Activity idea: Camouflage race  

Materials: Green, white, brown, black, and red cardboard shapes (small squares, circles or triangles, or plastic counters), approximately ten of each colour  


  1. Explain to your child that when you say ‘Go!’ their challenge is to quickly collect the cardboard shapes from the ground before you say, ‘Stop!’  
  2. Scatter the cardboard shapes over an open area of grass and say ‘Go!’  
  3. When about half of the shapes have been found, say ‘Stop!’  
  4. Ask your child to tell you how many shapes they collected of each colour and discuss why they may have collected more of one colour than the other.  
  5. Try repeating the activity on different coloured surfaces, such as brown mulch, and white concrete.  
  6. Look at images of animal camouflage in books or download images from the internet
  7. Provide a range of colourful dress up clothes and your child to camouflage themselves to blend in with different backgrounds (e.g., wear a red dress to sit on a red chair).  
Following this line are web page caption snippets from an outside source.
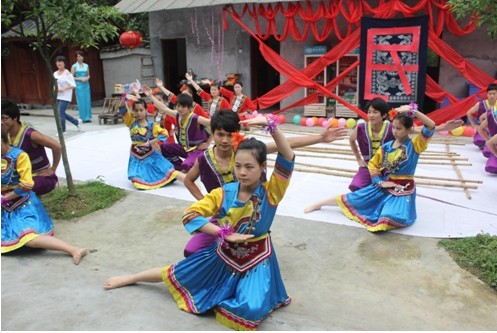 william威廉英国官网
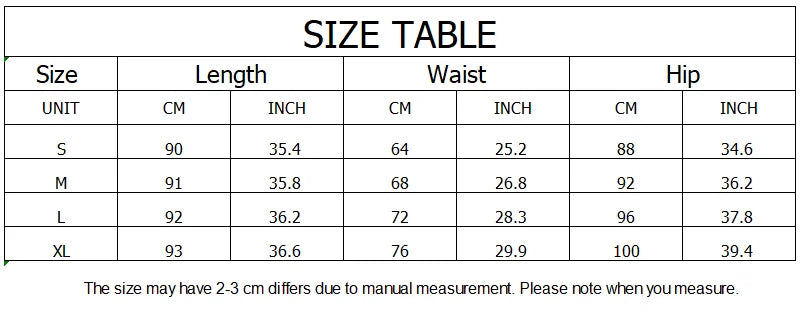 Zoki Chic Satin Elegant Long Skirt Women Casual Fashion High Waist Sweet Trumpet Skirts Slim Summer Female Korean Long Skirts.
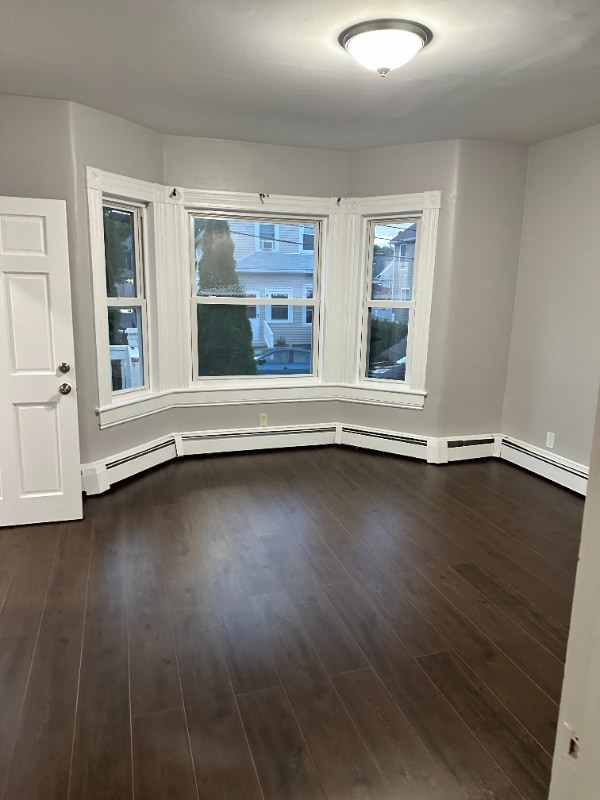 Photo - 16 Ashland Ave Unit 1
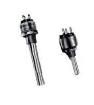P13TAB103MAB17 Potentiometers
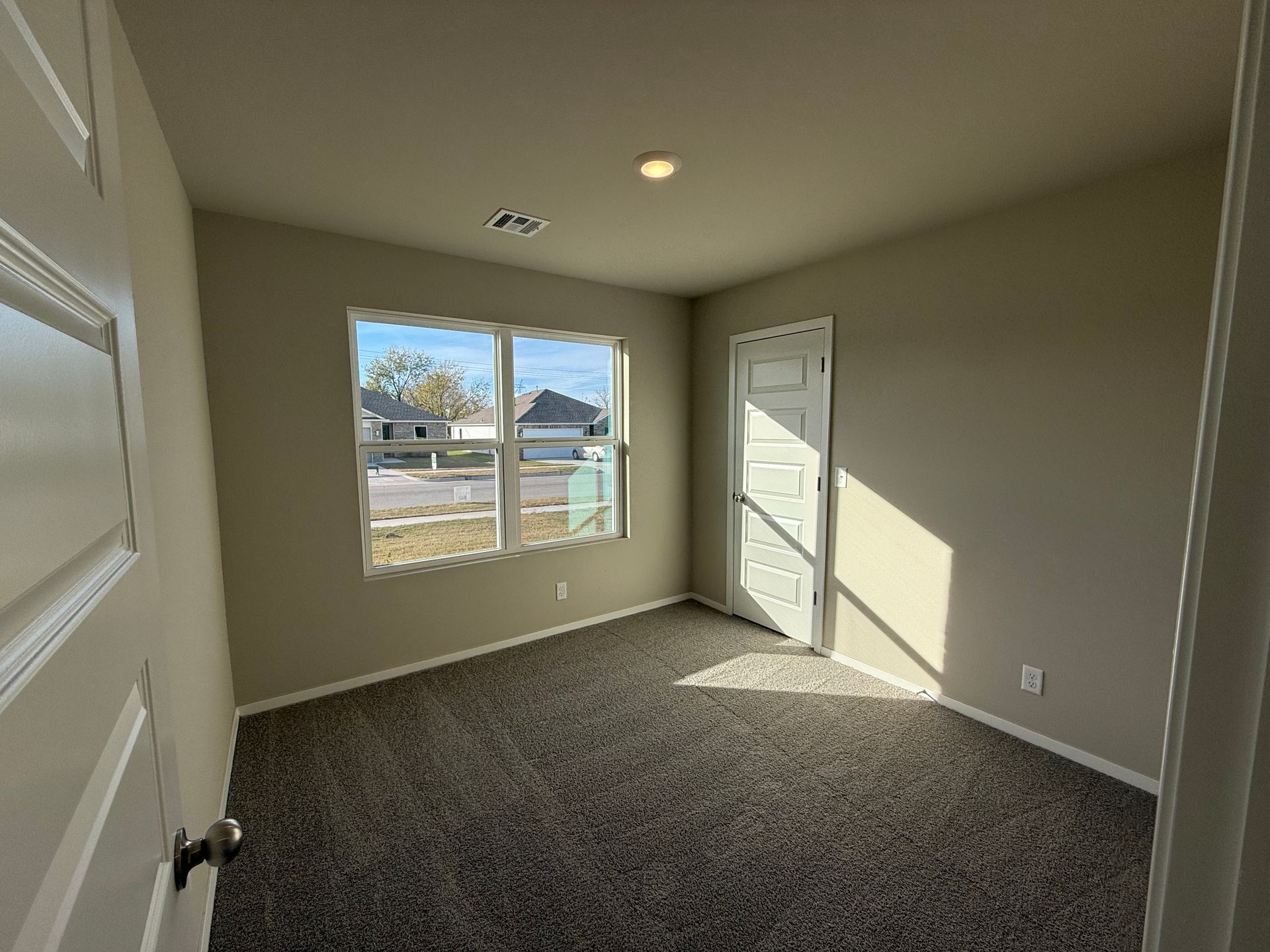 11425 S 232nd Eastavenue Broken Arrow OK 74014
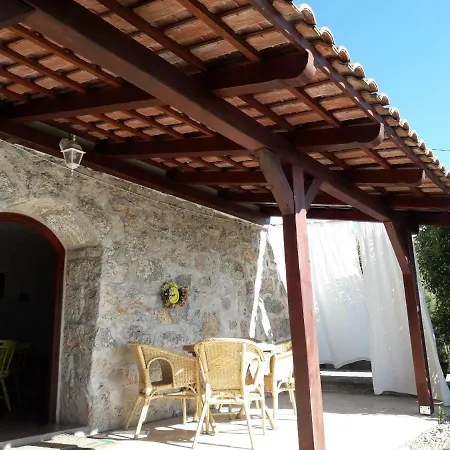 Kuca Kata - Nono Casa vacanze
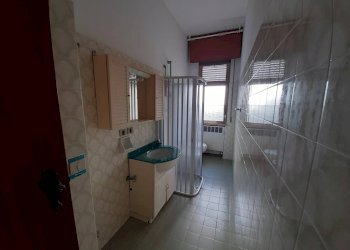 Foto 5 - Appartamento VIA DEL REMO, Ravenna - foto 5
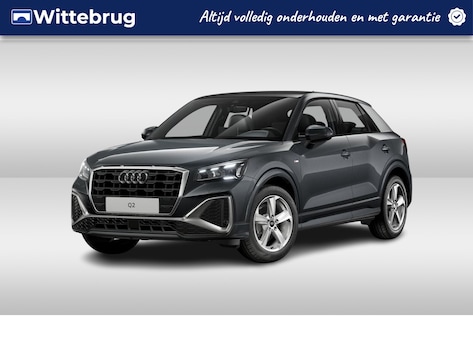 voertuig afbeelding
Ask your child what is happening? Talk about how the colour and texture of an animal can help it blend into its surroundings. This is important for animals to hide from predators that might eat them, and for predators to sneak up on their prey! However, some animals use the opposite strategy to survive: their bodies are brightly coloured, and they stand out to warn other animals to stay away because they are poisonous (e.g., corroboree frogs).